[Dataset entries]
═══
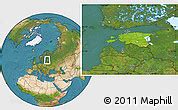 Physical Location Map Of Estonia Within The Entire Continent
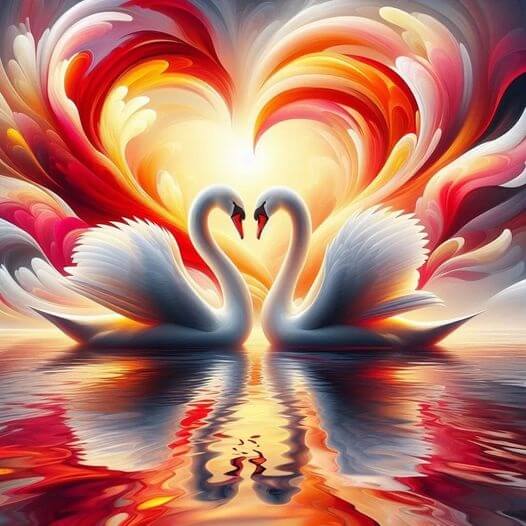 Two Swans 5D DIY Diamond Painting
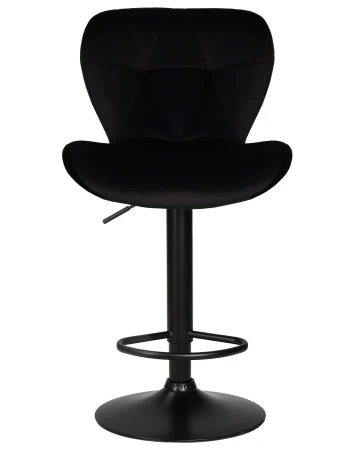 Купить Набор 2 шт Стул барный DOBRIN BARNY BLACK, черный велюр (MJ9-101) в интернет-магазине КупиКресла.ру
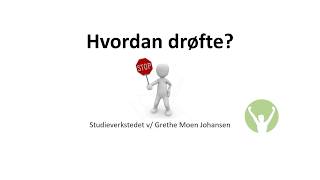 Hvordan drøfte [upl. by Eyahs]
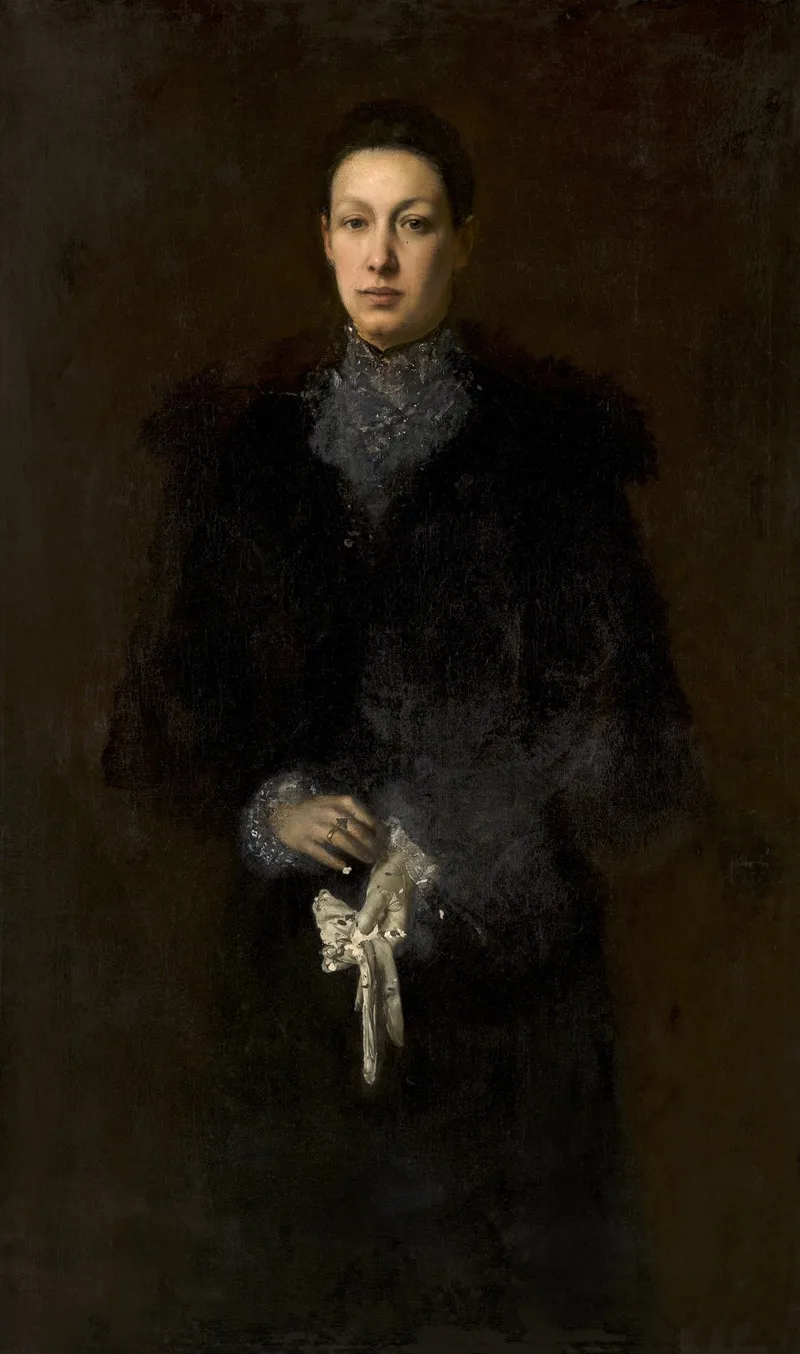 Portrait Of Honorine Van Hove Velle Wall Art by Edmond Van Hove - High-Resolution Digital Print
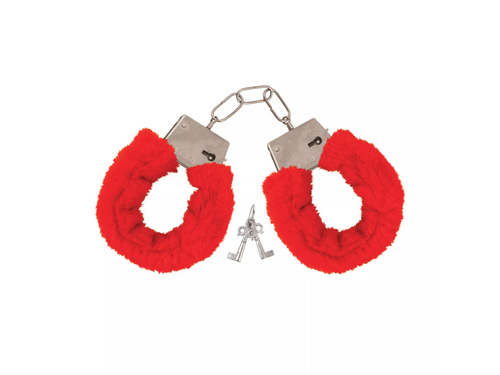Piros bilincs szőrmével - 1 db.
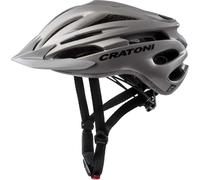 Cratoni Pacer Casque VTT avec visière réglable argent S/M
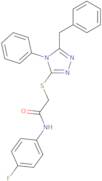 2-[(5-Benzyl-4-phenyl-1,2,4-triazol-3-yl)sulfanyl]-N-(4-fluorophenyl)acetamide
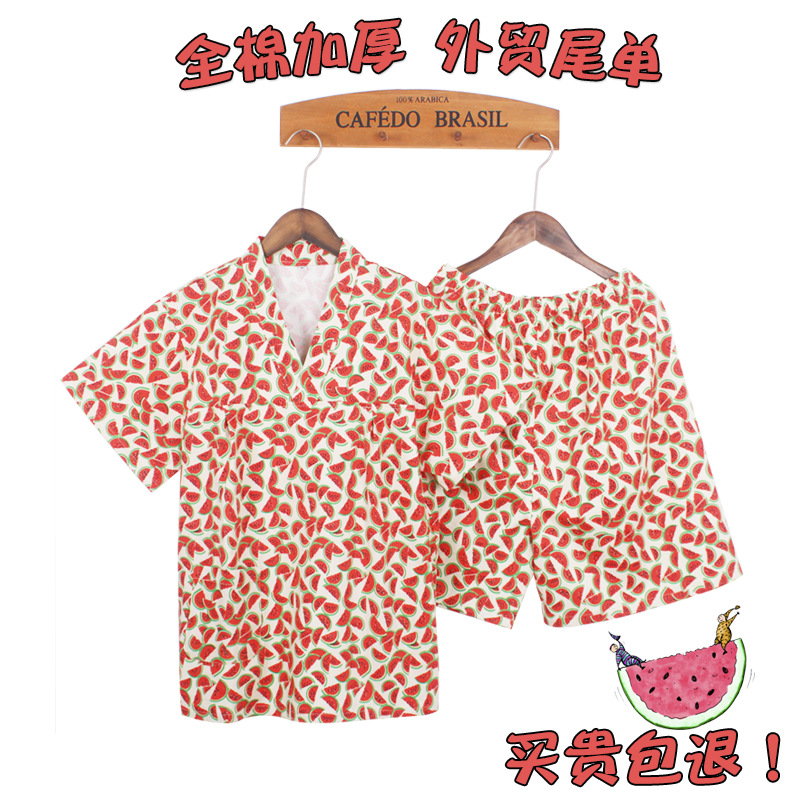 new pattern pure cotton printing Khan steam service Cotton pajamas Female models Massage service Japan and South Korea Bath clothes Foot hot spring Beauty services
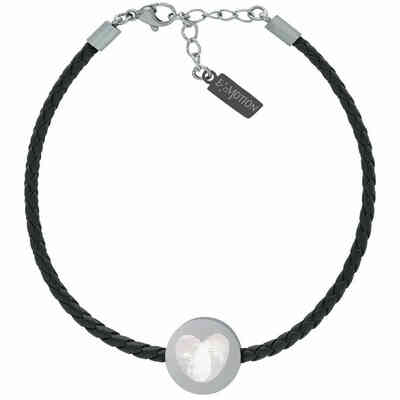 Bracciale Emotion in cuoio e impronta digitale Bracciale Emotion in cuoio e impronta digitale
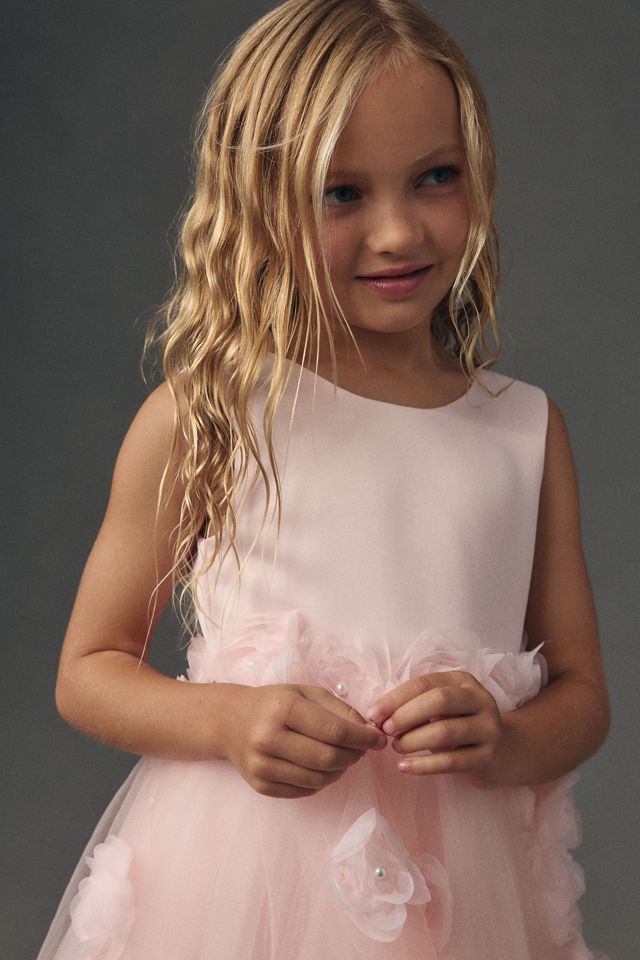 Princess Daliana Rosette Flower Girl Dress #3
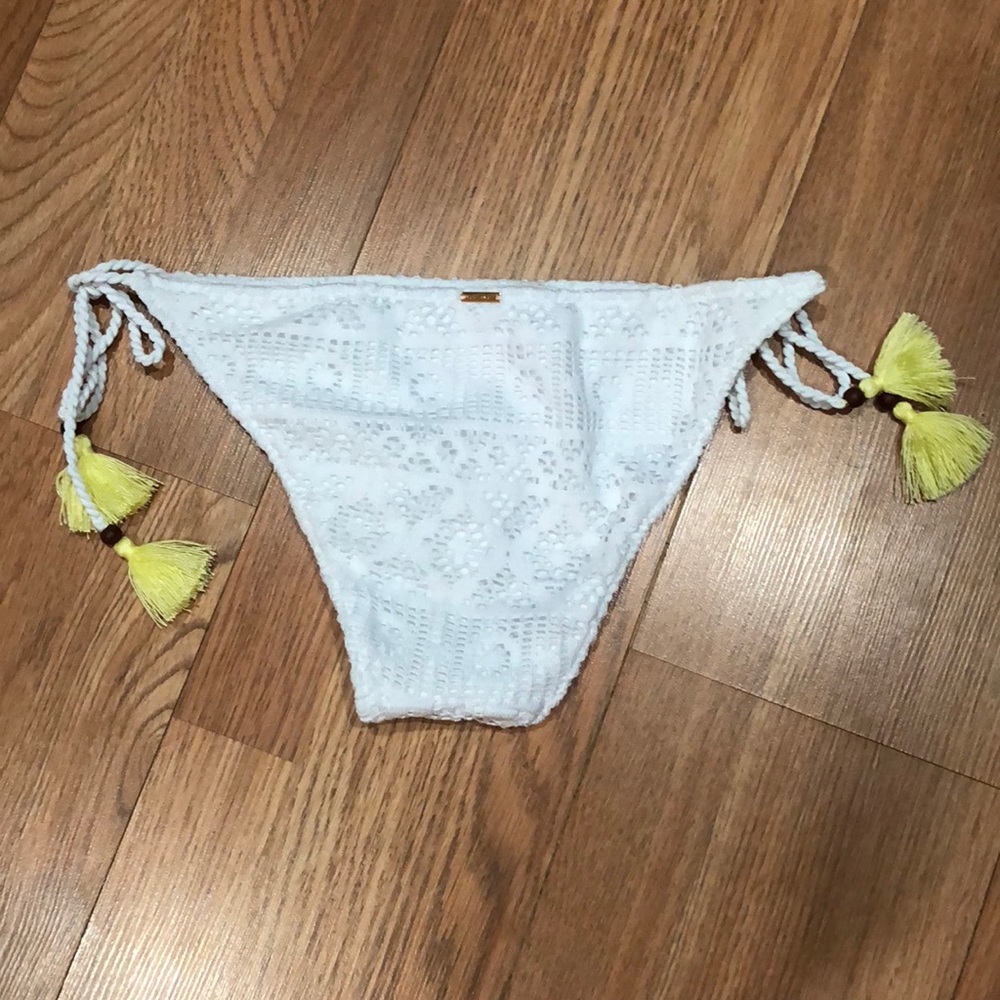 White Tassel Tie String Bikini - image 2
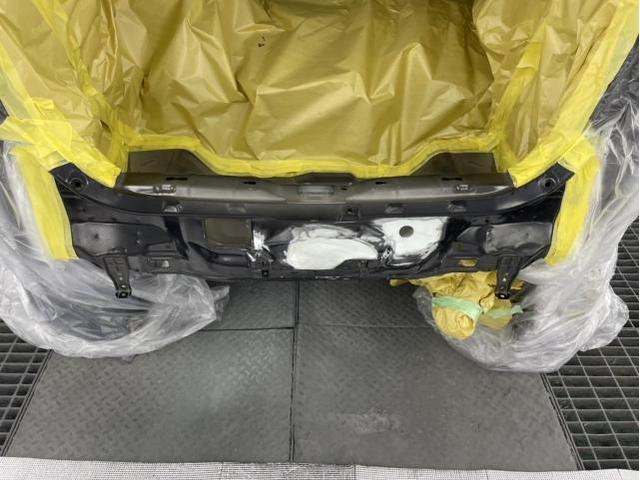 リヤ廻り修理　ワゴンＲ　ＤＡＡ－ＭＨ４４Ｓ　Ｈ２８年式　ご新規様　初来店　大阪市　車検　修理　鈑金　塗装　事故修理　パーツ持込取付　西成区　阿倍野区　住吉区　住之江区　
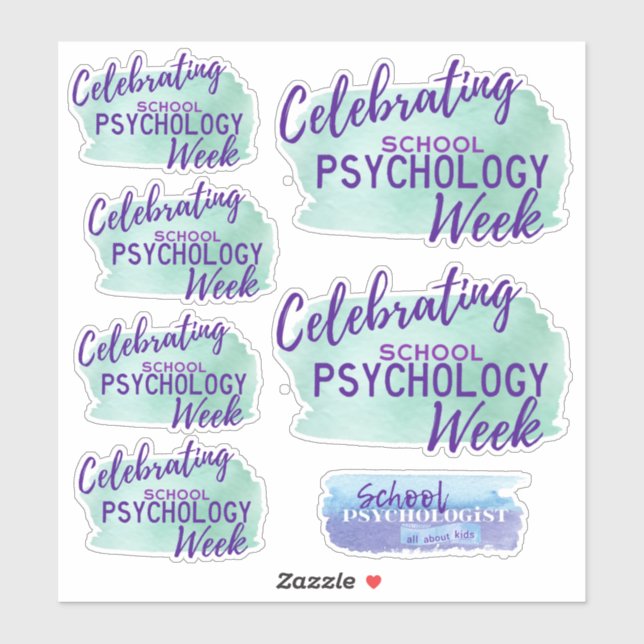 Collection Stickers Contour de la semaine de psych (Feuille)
═══
▸ WORK ORDER:
Repeat each entry above exactly. Omit the pictures.

▸ OUTPUT FOR THIS TASK:
 Physical Location Map Of Estonia Within The Entire Continent
 Two Swans 5D DIY Diamond Painting
 Купить Набор 2 шт Стул барный DOBRIN BARNY BLACK, черный велюр (MJ9-101) в интернет-магазине КупиКресла.ру
 Hvordan drøfte [upl. by Eyahs]
 Portrait Of Honorine Van Hove Velle Wall Art by Edmond Van Hove - High-Resolution Digital Print
Piros bilincs szőrmével - 1 db.
 Cratoni Pacer Casque VTT avec visière réglable argent S/M
 2-[(5-Benzyl-4-phenyl-1,2,4-triazol-3-yl)sulfanyl]-N-(4-fluorophenyl)acetamide
 new pattern pure cotton printing Khan steam service Cotton pajamas Female models Massage service Japan and South Korea Bath clothes Foot hot spring Beauty services
 Bracciale Emotion in cuoio e impronta digitale Bracciale Emotion in cuoio e impronta digitale
 Princess Daliana Rosette Flower Girl Dress #3
 White Tassel Tie String Bikini - image 2
 リヤ廻り修理　ワゴンＲ　ＤＡＡ－ＭＨ４４Ｓ　Ｈ２８年式　ご新規様　初来店　大阪市　車検　修理　鈑金　塗装　事故修理　パーツ持込取付　西成区　阿倍野区　住吉区　住之江区　
 Collection Stickers Contour de la semaine de psych (Feuille)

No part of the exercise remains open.